Start of Information provided
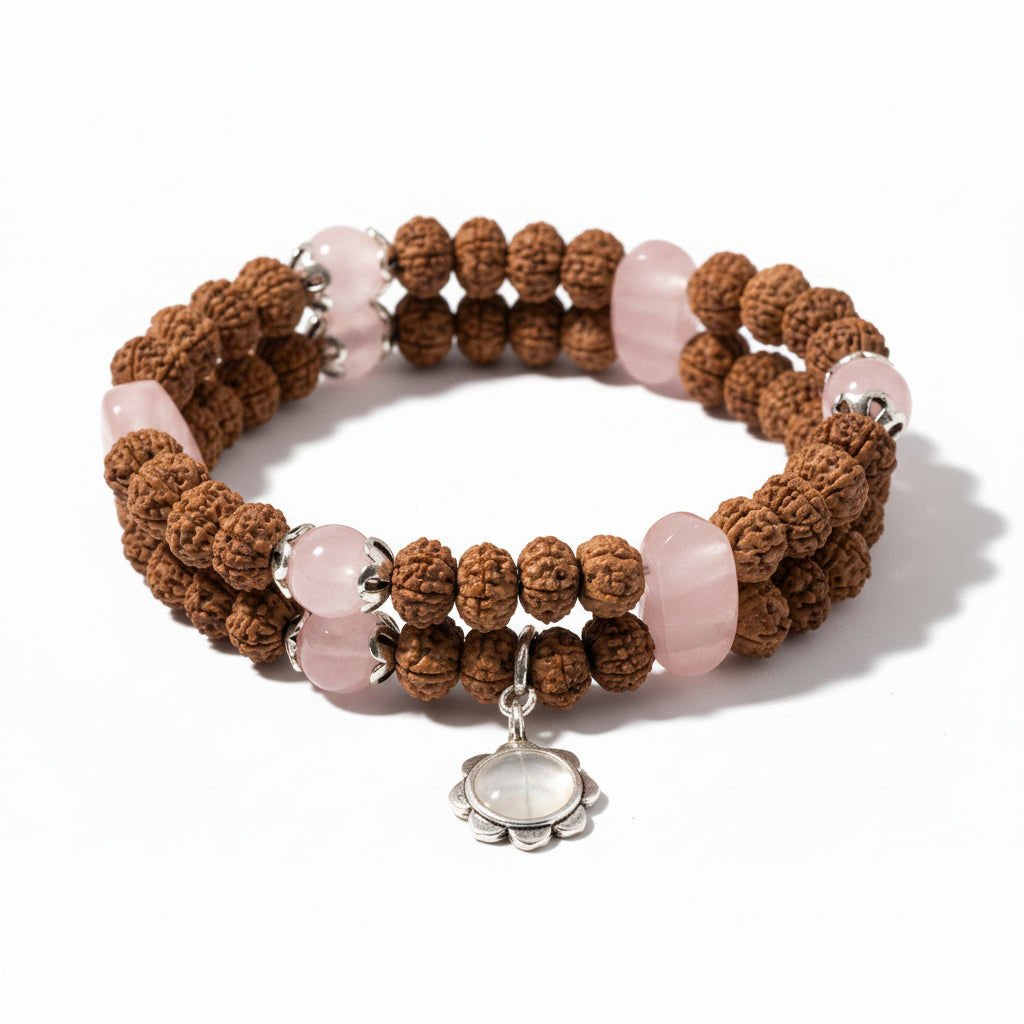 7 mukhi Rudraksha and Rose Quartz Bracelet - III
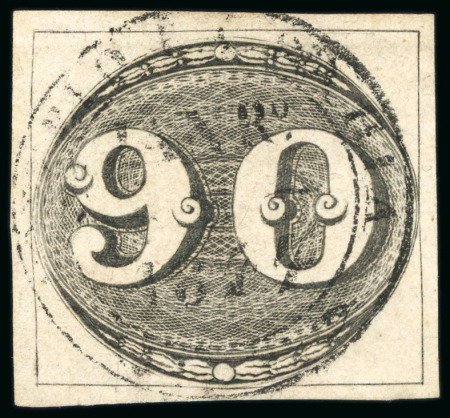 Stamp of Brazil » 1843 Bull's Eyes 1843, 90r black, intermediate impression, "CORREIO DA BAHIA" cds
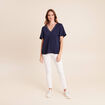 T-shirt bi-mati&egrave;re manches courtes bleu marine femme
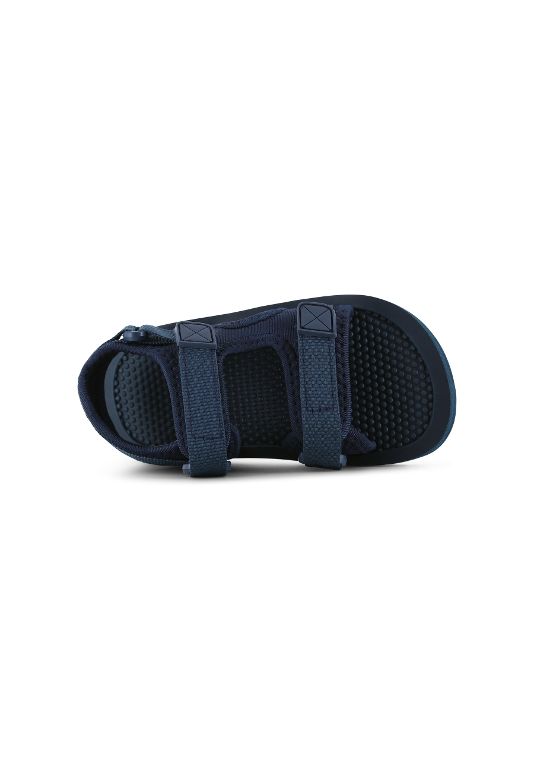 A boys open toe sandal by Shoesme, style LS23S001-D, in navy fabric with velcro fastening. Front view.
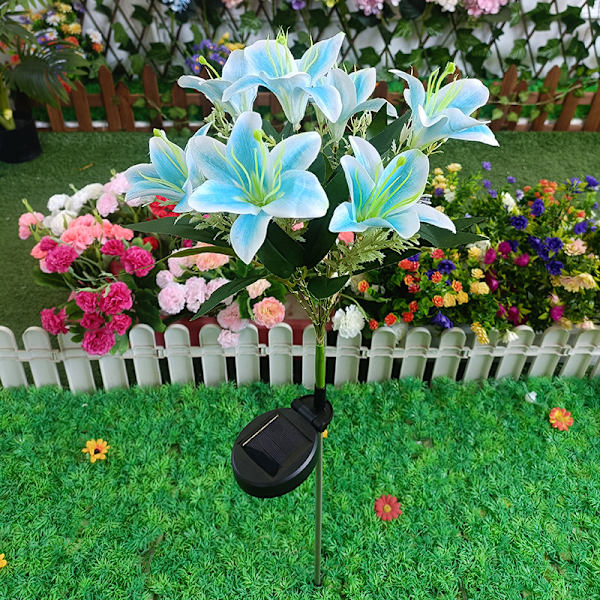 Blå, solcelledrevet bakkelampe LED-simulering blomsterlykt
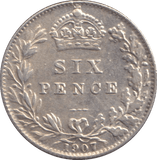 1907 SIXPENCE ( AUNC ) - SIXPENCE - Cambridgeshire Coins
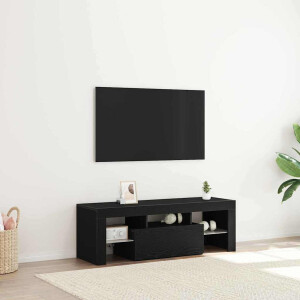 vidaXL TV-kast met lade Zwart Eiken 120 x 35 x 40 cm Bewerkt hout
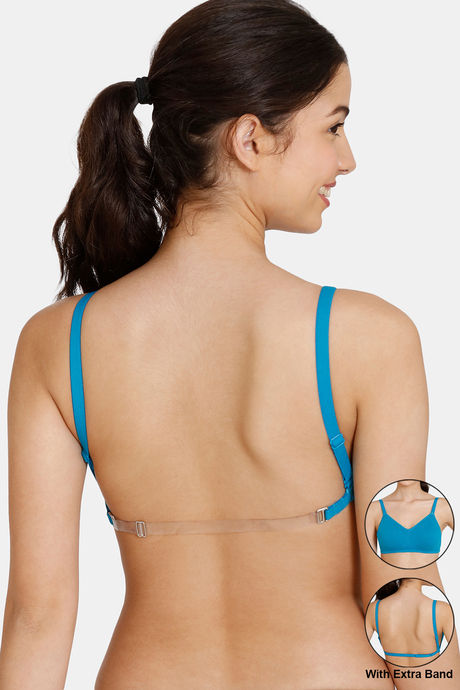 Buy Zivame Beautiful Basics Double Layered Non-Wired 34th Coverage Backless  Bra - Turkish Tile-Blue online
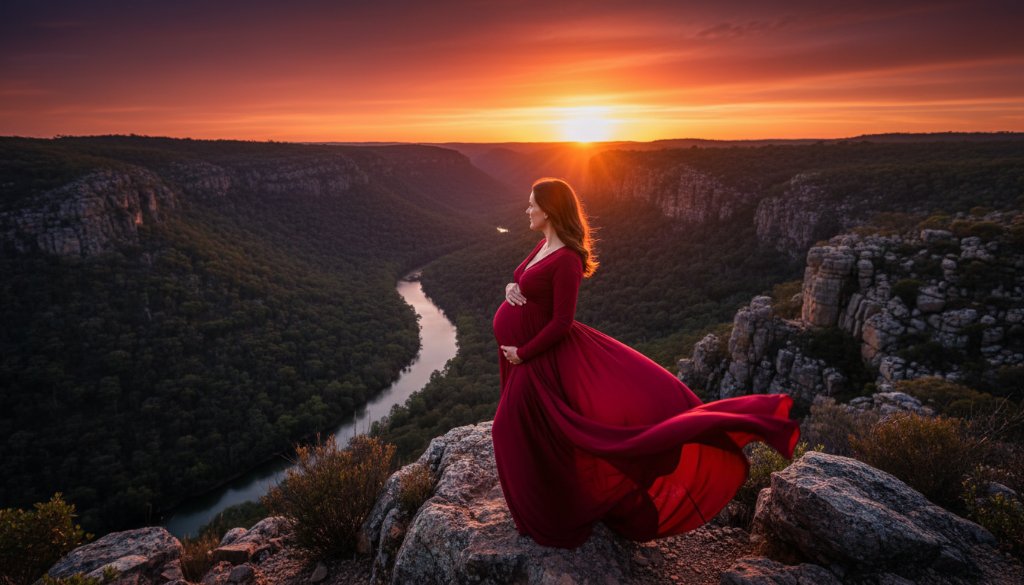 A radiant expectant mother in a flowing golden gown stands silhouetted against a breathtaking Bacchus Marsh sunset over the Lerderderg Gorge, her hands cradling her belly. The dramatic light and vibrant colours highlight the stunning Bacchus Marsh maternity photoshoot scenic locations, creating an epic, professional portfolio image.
End of Information provided
Start of Information provided
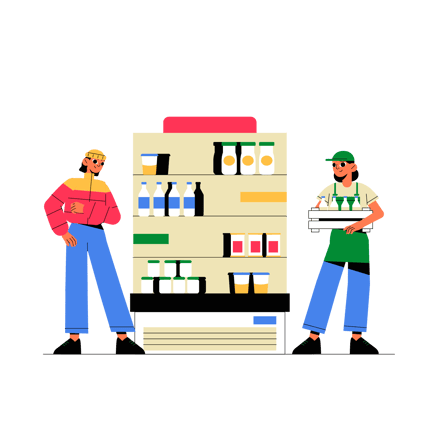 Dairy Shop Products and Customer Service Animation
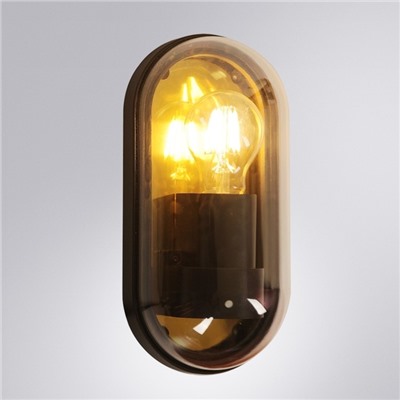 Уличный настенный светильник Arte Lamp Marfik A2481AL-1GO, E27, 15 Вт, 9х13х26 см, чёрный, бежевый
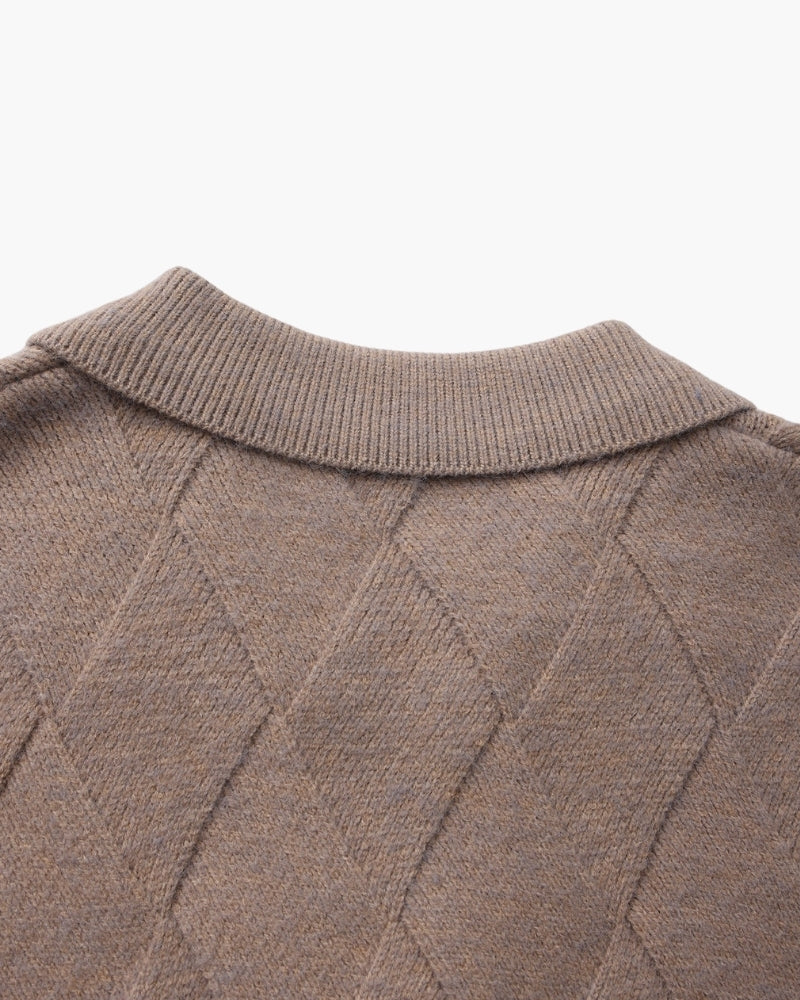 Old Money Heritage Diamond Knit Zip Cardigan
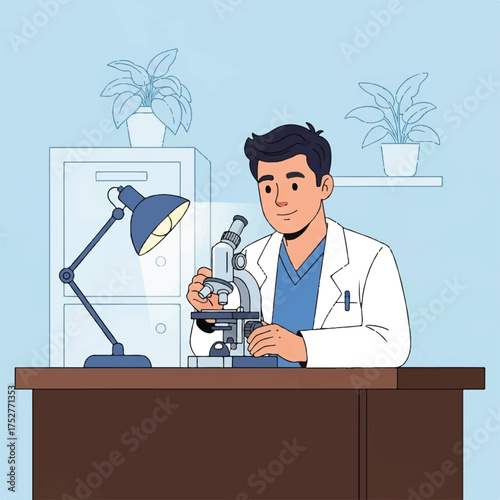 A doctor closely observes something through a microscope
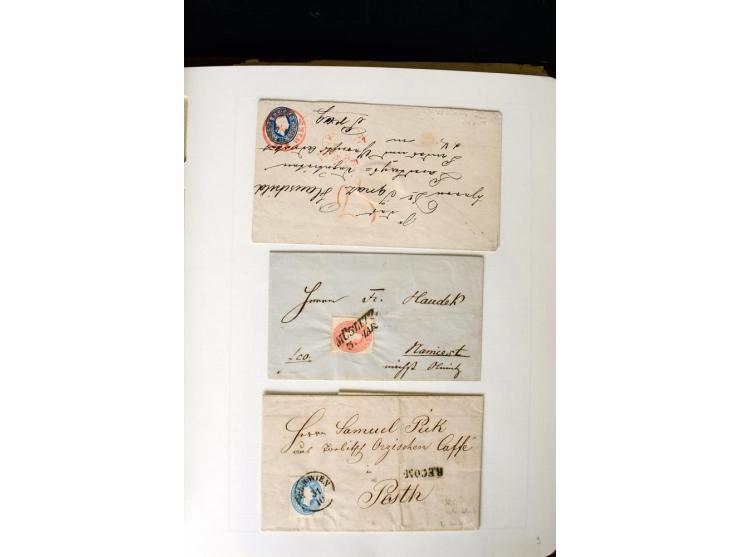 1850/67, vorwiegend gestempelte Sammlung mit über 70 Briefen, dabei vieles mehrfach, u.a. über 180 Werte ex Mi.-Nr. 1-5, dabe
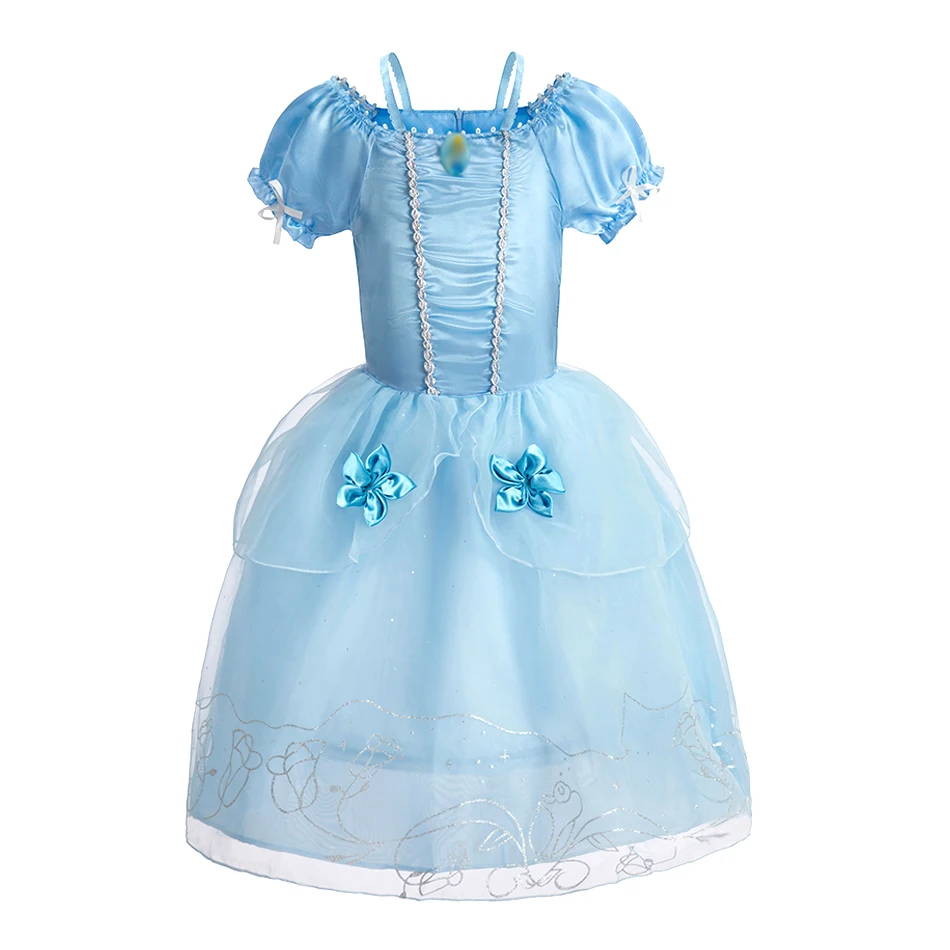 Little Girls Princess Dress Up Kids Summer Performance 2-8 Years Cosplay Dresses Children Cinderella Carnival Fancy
End of Information provided
Start of Information provided
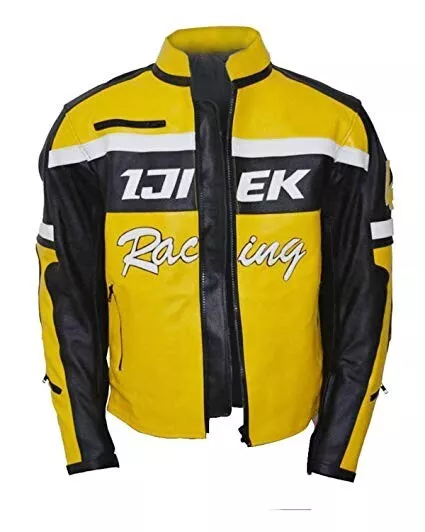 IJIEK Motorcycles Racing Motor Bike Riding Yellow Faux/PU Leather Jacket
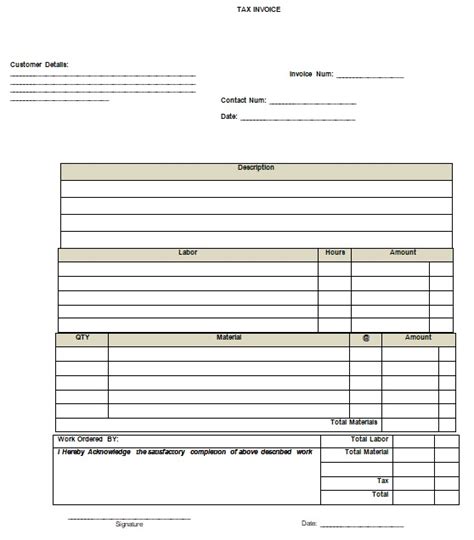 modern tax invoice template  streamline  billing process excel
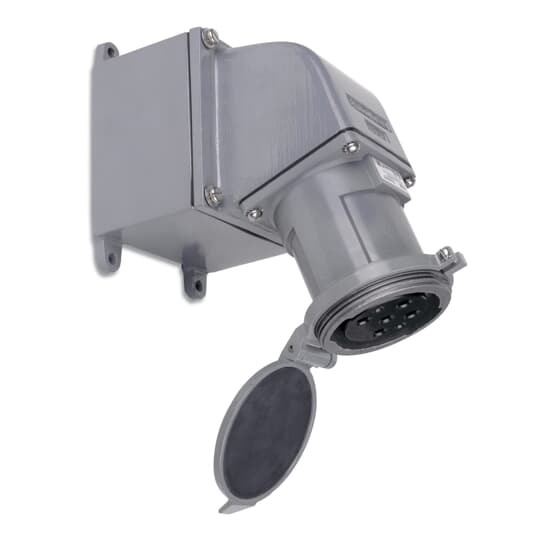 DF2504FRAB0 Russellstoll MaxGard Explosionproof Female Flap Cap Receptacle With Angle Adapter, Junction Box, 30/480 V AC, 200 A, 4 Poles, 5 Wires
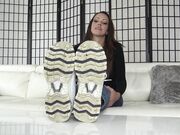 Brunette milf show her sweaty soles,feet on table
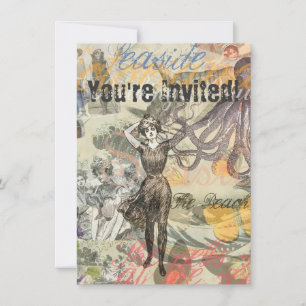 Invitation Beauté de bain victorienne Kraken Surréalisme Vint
End of Information provided
◆ **Assigned task**: Look above for the line with "7 mukhi Rudraksha" and the line with "A radiant expectant", then restate exactly those two lines and all lines between them, with no pictures.

◆ **Finished exercise**:
 7 mukhi Rudraksha and Rose Quartz Bracelet - III
 Stamp of Brazil » 1843 Bull's Eyes 1843, 90r black, intermediate impression, "CORREIO DA BAHIA" cds
 T-shirt bi-mati&egrave;re manches courtes bleu marine femme
 A boys open toe sandal by Shoesme, style LS23S001-D, in navy fabric with velcro fastening. Front view.
 Blå, solcelledrevet bakkelampe LED-simulering blomsterlykt
 1907 SIXPENCE ( AUNC ) - SIXPENCE - Cambridgeshire Coins
 vidaXL TV-kast met lade Zwart Eiken 120 x 35 x 40 cm Bewerkt hout
 Buy Zivame Beautiful Basics Double Layered Non-Wired 34th Coverage Backless  Bra - Turkish Tile-Blue online
 A radiant expectant mother in a flowing golden gown stands silhouetted against a breathtaking Bacchus Marsh sunset over the Lerderderg Gorge, her hands cradling her belly. The dramatic light and vibrant colours highlight the stunning Bacchus Marsh maternity photoshoot scenic locations, creating an epic, professional portfolio image.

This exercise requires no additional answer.